Light-weight In-situ Analysis with Frugal Resource Usage
In this talk Qing presents Parallel Logging DB (PLDB), a new in-situ analysis technique for indexing data within DeltaFS. With its design as a scalable, serverless file system for HPC platforms, DeltaFS scales file system metadata performance with application scale. The new PLDB is a novel extension to the DeltaFS data plane, enabling in-situ indexing of massive amounts of data written to a single DeltaFS directory simultaneously, and in an arbitrarily large number of files. PLDB achieves this through a compaction-free indexing mechanism for reordering and indexing data, and a log-structured storage layout to pack small writes into large log objects, all while ensuring compute node resources are used frugally.
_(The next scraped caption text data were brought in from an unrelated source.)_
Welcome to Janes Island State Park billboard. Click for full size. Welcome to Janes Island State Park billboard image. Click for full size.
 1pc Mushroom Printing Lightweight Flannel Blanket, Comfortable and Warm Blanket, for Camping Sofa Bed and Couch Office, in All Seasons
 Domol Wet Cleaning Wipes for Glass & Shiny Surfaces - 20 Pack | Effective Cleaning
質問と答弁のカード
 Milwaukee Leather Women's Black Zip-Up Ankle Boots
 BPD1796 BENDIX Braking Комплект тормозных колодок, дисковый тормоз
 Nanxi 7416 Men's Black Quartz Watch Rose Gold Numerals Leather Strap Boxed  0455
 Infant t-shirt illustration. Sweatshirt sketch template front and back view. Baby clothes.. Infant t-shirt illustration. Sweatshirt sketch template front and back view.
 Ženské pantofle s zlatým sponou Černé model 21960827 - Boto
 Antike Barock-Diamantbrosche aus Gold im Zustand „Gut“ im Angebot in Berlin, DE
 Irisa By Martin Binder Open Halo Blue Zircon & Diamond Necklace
We demonstrate the efficiency of our PLDB through VPIC, a widely-used simulation code developed at Los Alamos National Lab that scales to trillions of particles. With DeltaFS, we modify VPIC to create a file under a special directory for each particle to receive write! s of that particle's output data. Dynamically indexing the directory's underlying storage using PLDB allows us to achieve a 5,000x speedup in VPIC particle trajectory queries, which require reading all data for a single particle. This speedup increases with simulation scale, while theoverhead is fixed at 3% of available memory and 8% of final storage.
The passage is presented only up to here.